Man In Black: Şıxo Dayı!

Yorum | Naci Karadağ

38 yıl geçmiş üzerinden. İnsan ömrü için uzun, insanlık için minnacık bir zaman dilimi.
Yanılmıyorsam 3. Lema’da geçen bir meselede Hazreti Bediüzzaman şu cümleyi “söz” olarak alıntılar: “Firakın bir saniyesi bir sene kadar uzundur ve visâlin bir senesi bir saniye kadar kısadır.”
Ve sonra şöyle der; “Visal, yani, Bâkî-i Zülcelâlin rızası dairesinde livechillâh bir saniye visal, değil yalnız böyle bir sene, belki daimî bir pencere-i visaldir. Gaflet ve dalâlet firâkı içinde değil bir sene, belki bin sene, bir saniye hükmündedir. O sözden daha meşhur şu söz var” dedikten sonra klasik İslam kaynaklarında pek sık görmediğimiz (Ki Bedüzzaman’ın alıntı sistematiğinin çok hassas bir şekilde araştırılması gerektiğine inanırım, çok ilginç noktalarda çok enteresan ve farklı kaynaklardan referanslar gösterir) şu örnek cümleyi nakleder:
“Düşmanla beraber sahra, bir fincan kadar dar; ahbapla beraber iğne deliği, bir meydan kadar geniştir.” El Acluni’nin Keşfü’l Hafâ’sındandır bu cümleler.

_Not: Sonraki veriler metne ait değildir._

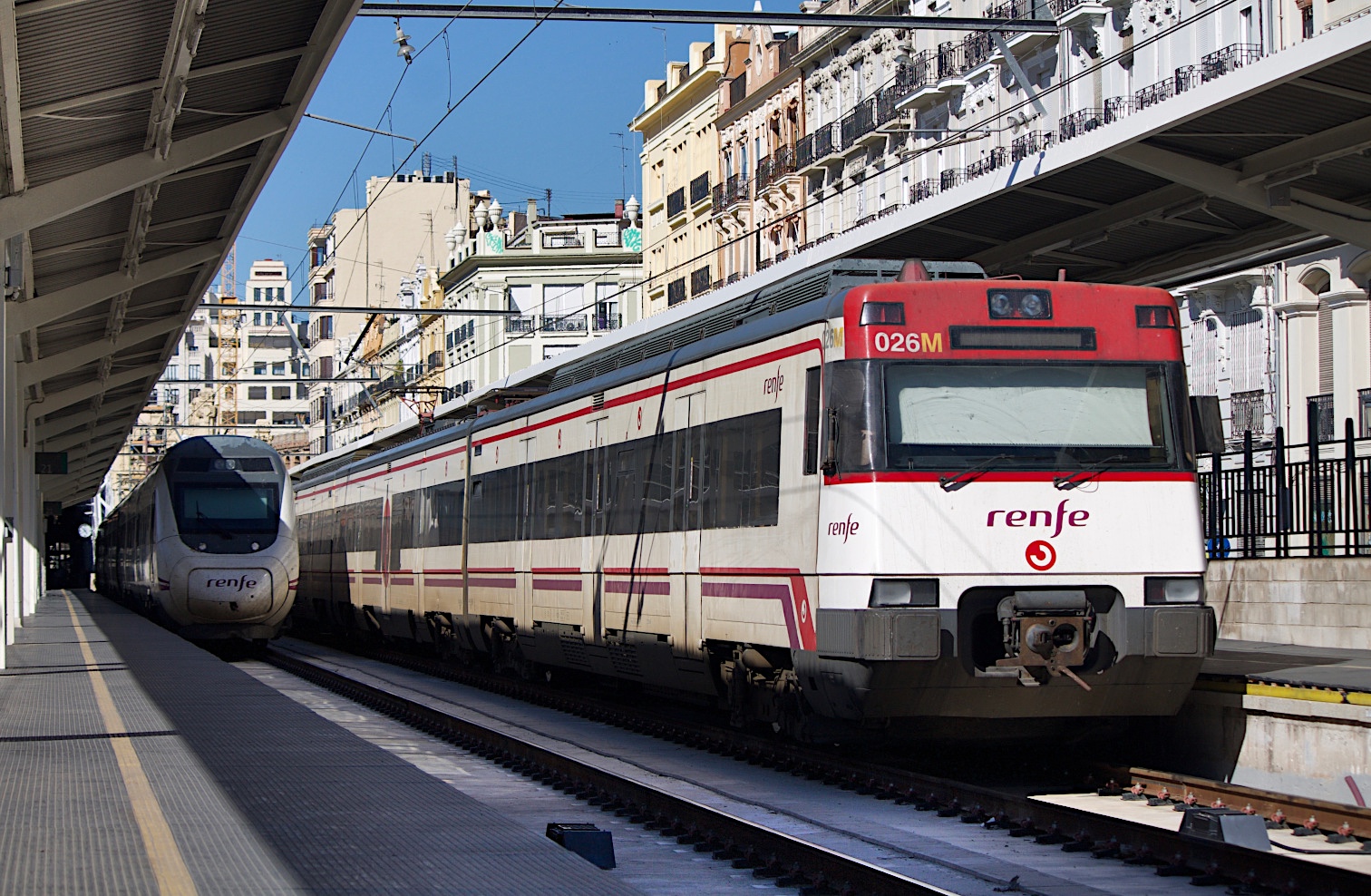 447 013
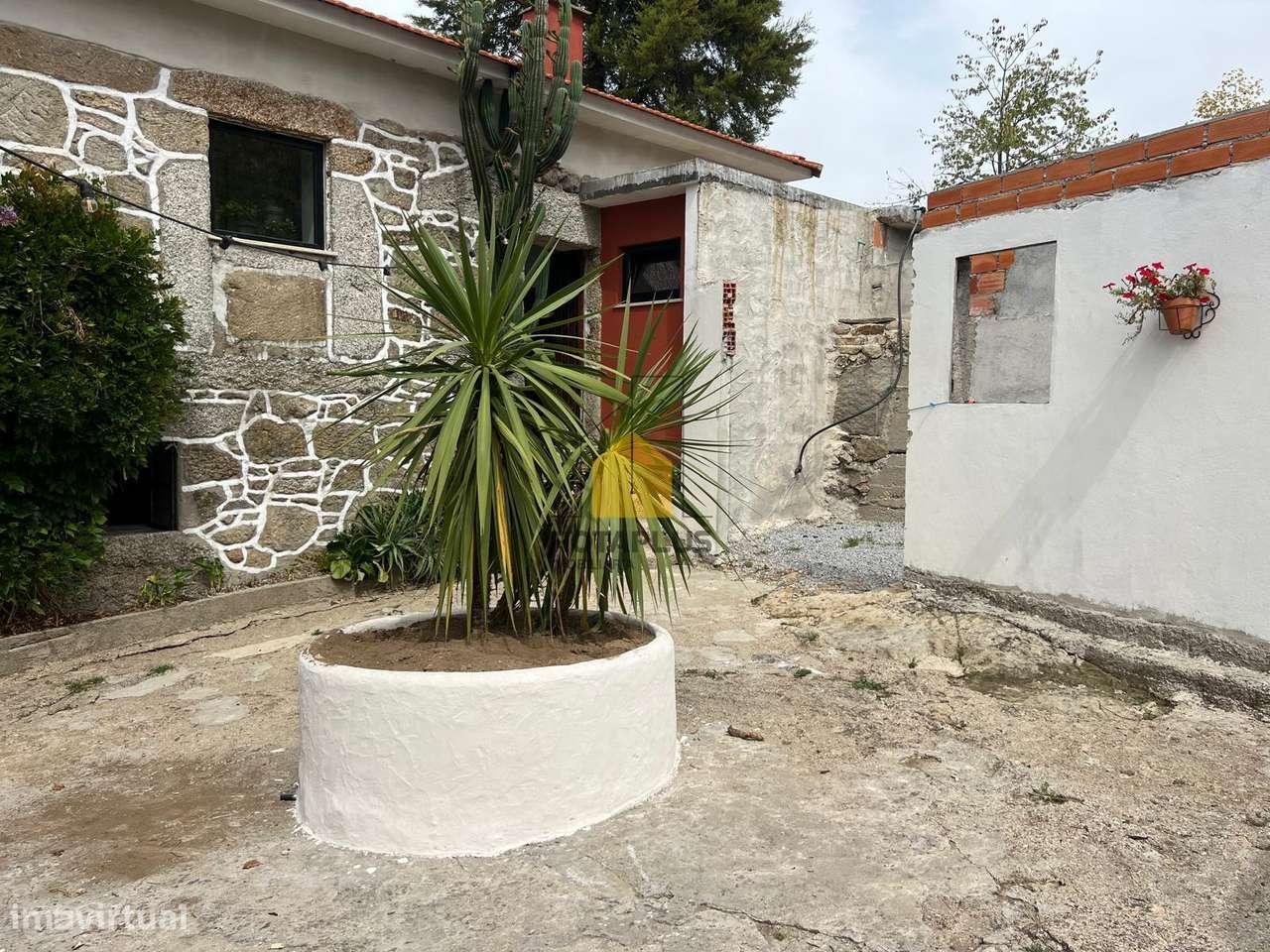 Quinta de Charme com Antigo Lagar, Pomar e 2.200 m² de Natureza-16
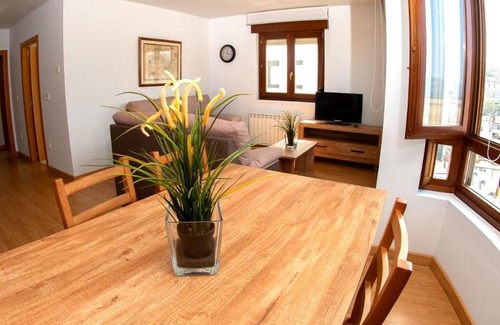 Figueras (Castropol) Apartamento | Holiday Homes Figueras VUT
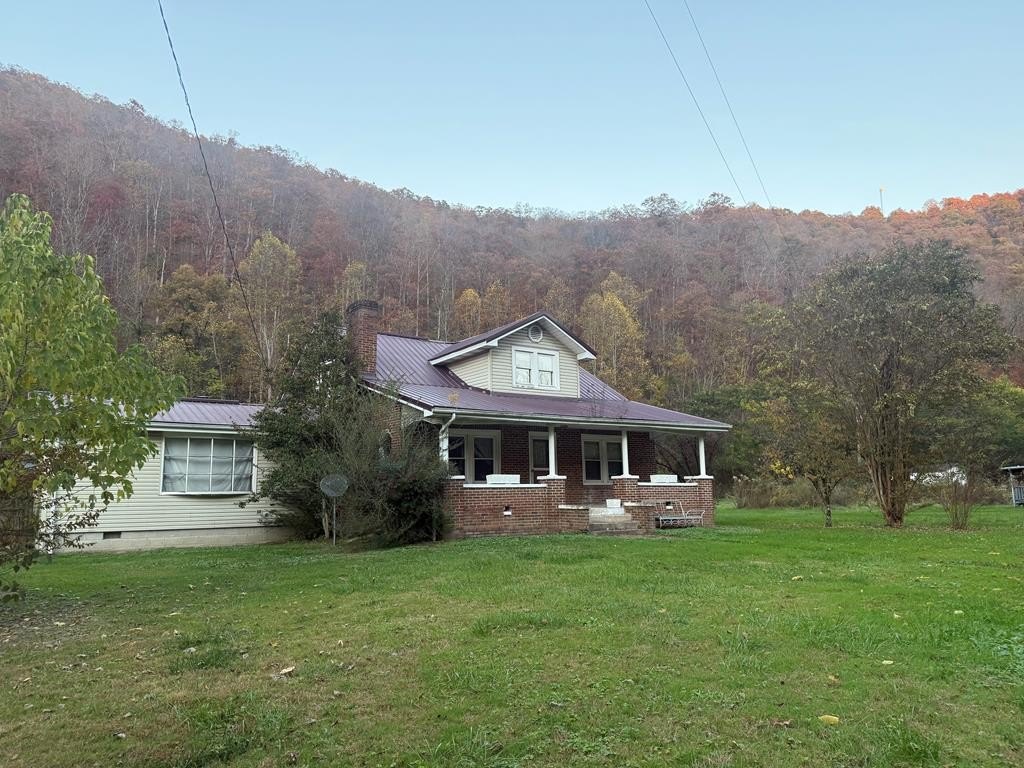 Single Family 5BR 2BA - 36 Blackburn Road, Pikeville, KY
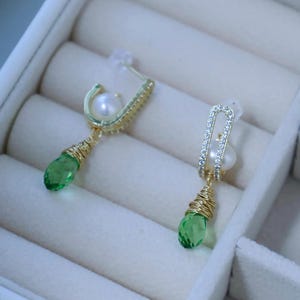 Brincos de zircônia verde pérola: argolas Huggie de latão vintage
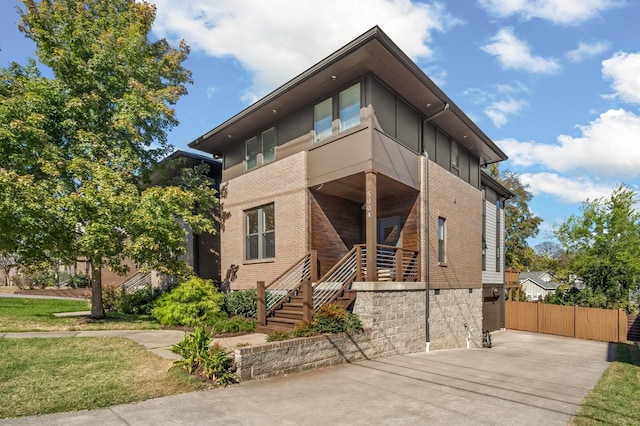 view of front of home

Haftalar, aylar yıllar geçiyor. Zalim mazlumun ömründen yıllar çalıyor ama doymuyor bir türlü.
Geçmişin zalimleri de öyle.
Paramparça ettikleri hayat sayısının haddi hesabı yok.

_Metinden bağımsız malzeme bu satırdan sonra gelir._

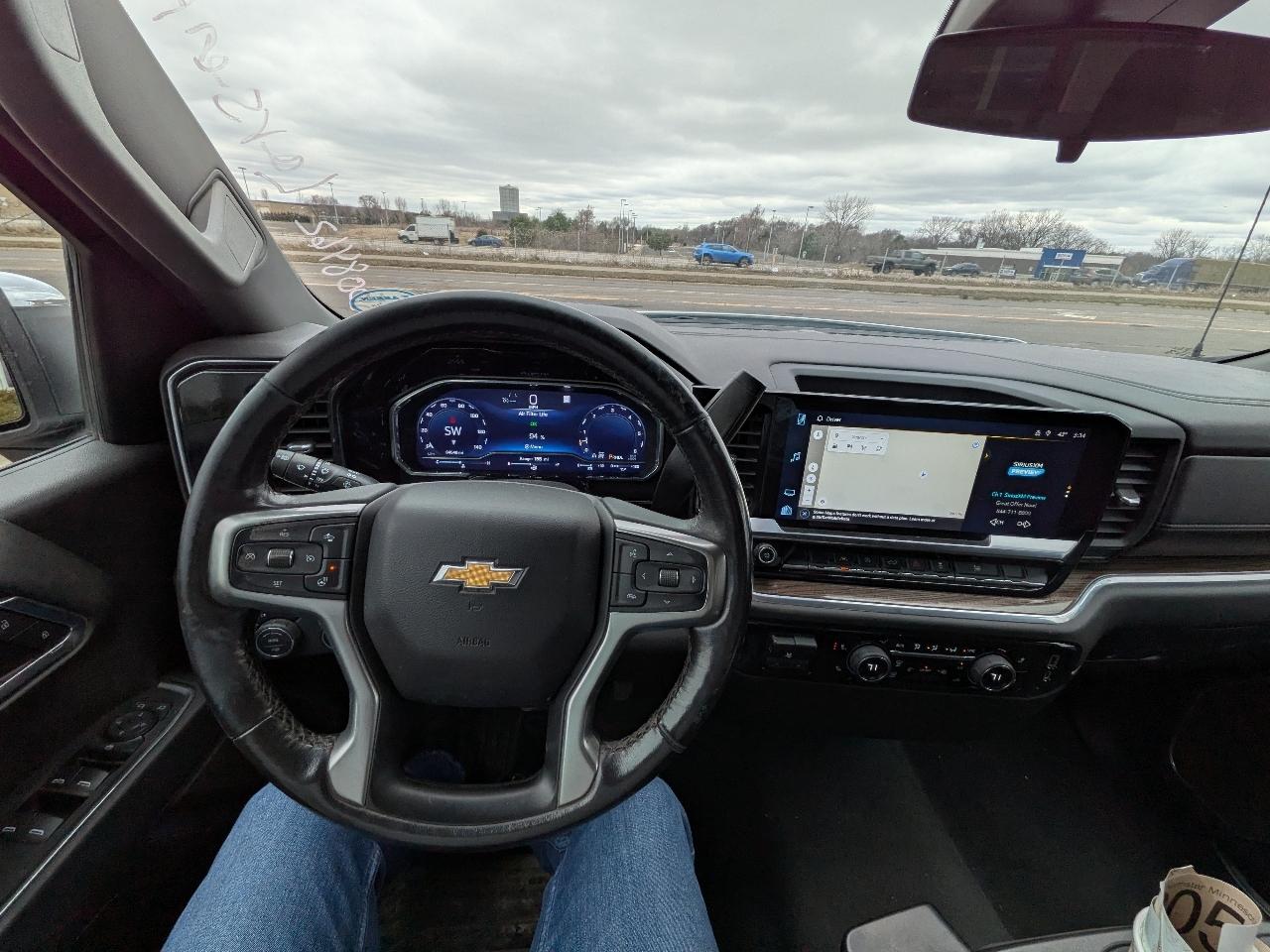 Chevrolet Silverado 1500 4WD Crew Cab 157" LT 2022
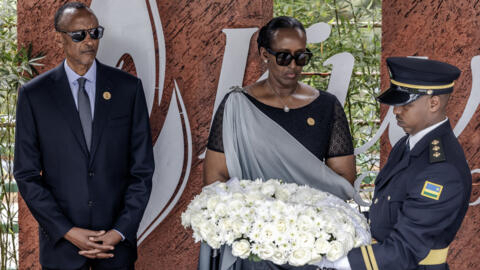 El presidente de Ruanda, Paul Kagame, y la primera dama de Ruanda, Jeannette Kagame, observan cómo un miembro de la banda militar de Ruanda lleva una corona de flores durante las conmemoraciones del aniversario número 30 del genocidio de Ruanda de 1994 en el Memorial del Genocidio de Kigali, el 7 de abril de 2024. 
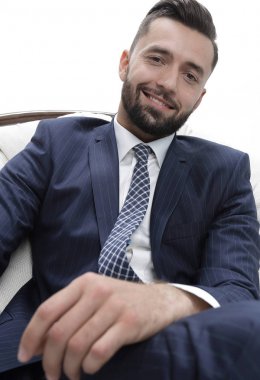 Kendine güvenen işadamı bir sandalyede oturuyor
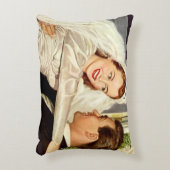 ヴィンテージ結婚式の新婚夫婦、幸せな花嫁と新郎 アクセントクッション (正面(垂直))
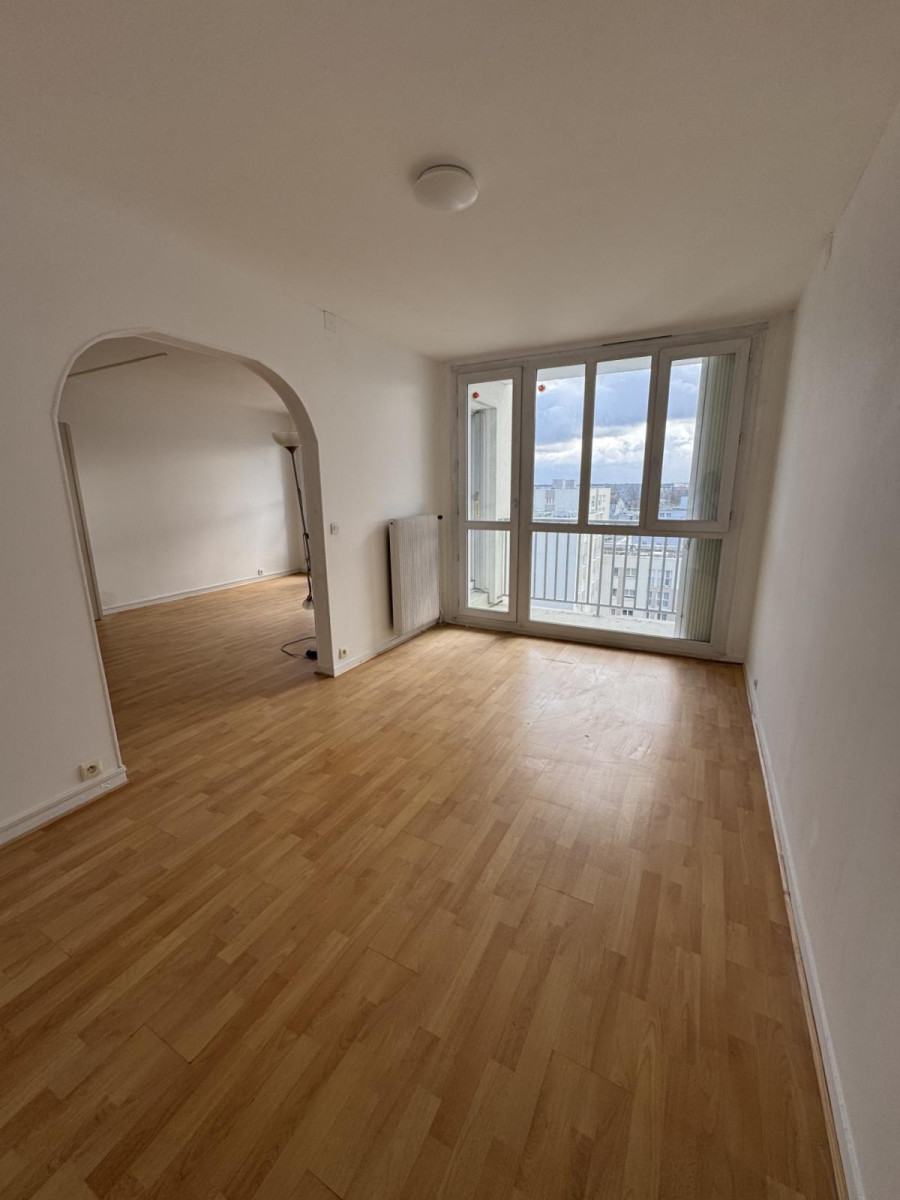 
                                                Location
                                                 Spacieux appartement T5 avec balcon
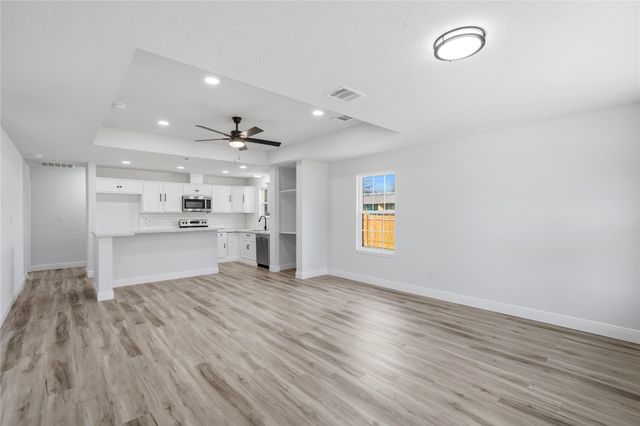 211 MOSS Avenue, Hearne, TX 77859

Üstelik halkı arkalarına alarak bu zulmü yapınca kendilerini haklı, zulmü de meşru görüyorlar.
Tıpkı günümüzde olduğu gibi.
12 Eylül’ün net bir “acı” dökümünü bu dünyada yapabilmek mümkün değil. İnsanların nasıl hallaç pamuğu gibi darmadağın ettiğinin en net tablosunu galiba sadece ahirette görebilme şansımız olacak.

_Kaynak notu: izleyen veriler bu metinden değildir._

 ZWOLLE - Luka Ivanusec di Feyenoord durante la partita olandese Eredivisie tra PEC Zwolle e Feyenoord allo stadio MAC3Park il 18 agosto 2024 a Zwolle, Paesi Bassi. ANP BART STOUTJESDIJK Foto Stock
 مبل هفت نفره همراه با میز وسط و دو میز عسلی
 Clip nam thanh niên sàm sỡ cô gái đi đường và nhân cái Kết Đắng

Ancak insanoğlu görebildiği, gözlemleyebildiği, not alabildiği nispette kendince bir çetele de tutabiliyor.

12 Eylül’ün kabataslak tablosu şöyle:
* Gözaltına alınanlar: 650.000
Fişlenenler: 1.683.000
Açılan dava sayısı: 210.000
Sıkıyönetim mahkemelerinde yargılananlar: 230.000
Bunlardan 141-142-163. maddelerden yargılananlar: 71.500
Sivil mahkemelerde açılan davalar (1980-88 yıllar arası): 9,508
Yargılanan ‘örgüt üyesi’: 98.404
Hüküm giyen ‘örgüt üyesi’: 21.764
Vatandaşlıktan çıkarılanlar: 14.000
Pasaport verilmeyenler: 388.000
Faaliyetten men edilen dernek: 23.700
Toplam 644 cezaevindeki hükümlü-tutuklu: 52.000 (1990’da kalanlar)
Açlık grevinde ölenler: 14
Kaçarken vurulanlar: 16
* ‘Çatışma’da öldürülenler: 74
Doğal ölüm raporu verilenler: 73
‘İntihar’ ettiği bildirilenler: 43
İşkence sonucu öldürülenler: 171
Açılan işkence soruşturma veya davası: 9.962 (1982-1988 arası)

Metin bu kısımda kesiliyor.